I was the sort of person who read books – you know the type. I was excluded, by my own apprehensions, from every team sport I ever tried. But my dad also read many books, he recommended many of the influential works in my life that I listed above. In all honesty, I don’t really know why a split differential system is cool…and if someone were to ask me if it was cool, I would probably just say ‘…yep’ as well. Falsely, I assumed that my dad was someone alien to me. But when Dahl was exposed as alien, I was better able to appreciate the similarities I had failed to see growing up.
I have always struggled with sleep. I like thinking and action too much to find rest fulfilling. I started sleeping easier during the heights of puberty, but as I mature, I feel the dregs of familiar nocturnalism returning. We were living in Wagga Wagga at the time. The summer nights were sticky and hot. You would sleep without a shirt to stay cool, and the sheets would cling to your skin. It was probably around one or two in the morning. Insects hummed outside in the way that sounds like rain.
I crept out of my room into the hallway. The L.E.D. kitchen light was on. Usually, that meant Mum and Dad were still awake, a signal to go back to bed. I didn’t go back to bed. Maybe it was to avoid the boredom of my bedroom ceiling, maybe it was because I found the silence disquieting; I don’t know what led me to the edge of that room. When I peaked in, I saw my dad hunched over the kitchen table. He was wearing a white singlet and shorts. His face was buried in his arms. I noticed the way the muscles in his shoulders flexed as they gently shook. I think he was crying.

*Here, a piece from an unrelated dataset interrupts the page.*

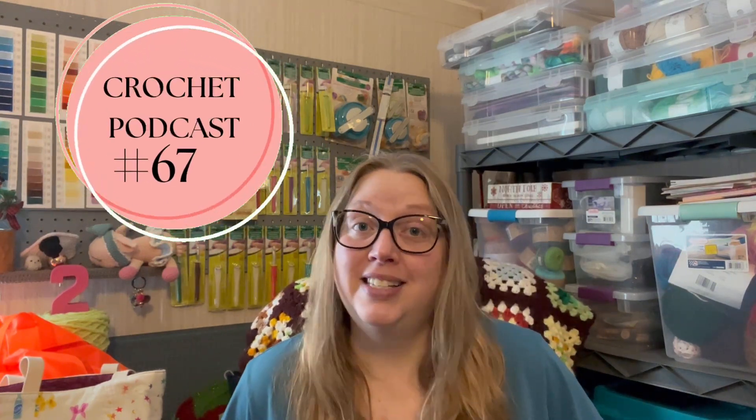Hi, my name is Rebecca and welcome to Yarn and Pajamas. Today is crochet podcast number 67. I missed last week, guys, so it's been like two weeks since we've hung out. Work has been kicking my butt lately and I've just been so wiped out by the time I get home that I just kind of want to veg out.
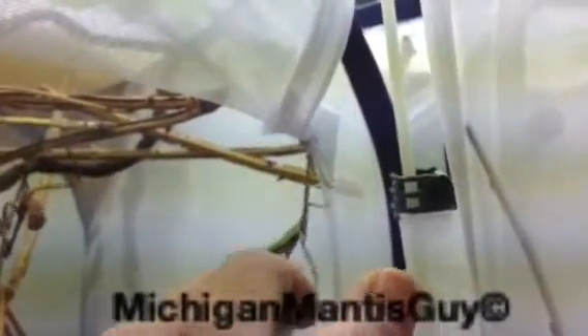Want to go back in? There you go. Well, that's it — Texas Unicorn Mantis, male adult and two sub-adult females. There's one, there's another one back there. It's the Michigan Mantis Guy.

I am now the same age my dad was when he met my mum. The pressures he bore on those shoulders are becoming more intelligible to me. I am becoming a man who, like his father at this age, may one day play the role of fatherhood. Fathers are born, dads are made. Any man can be a father. But dads are made by men possessing dignity, responsibility, and tender love. Dads can also be made by little boys who feel unalterably alone amongst a sea of people noticeably different from them. One day I may need to make a dad out of myself too.
A lot of stories go into making a person. I used to have this idea that fiction lived on the peripheral vision of reality. Now I think that reality is made of fiction. My dad was a story I told myself. Roald Dahl was a story I told myself. Deep down I know that I was the author of their story. When I felt alone, I invented a dad out of a disembodied name on the front of my favourite book. If only I knew I didn’t need another one. This pretty average film forced me to see as fiction that which I had written to be reality. Maybe that takes it from 5/10 to 6.5/10.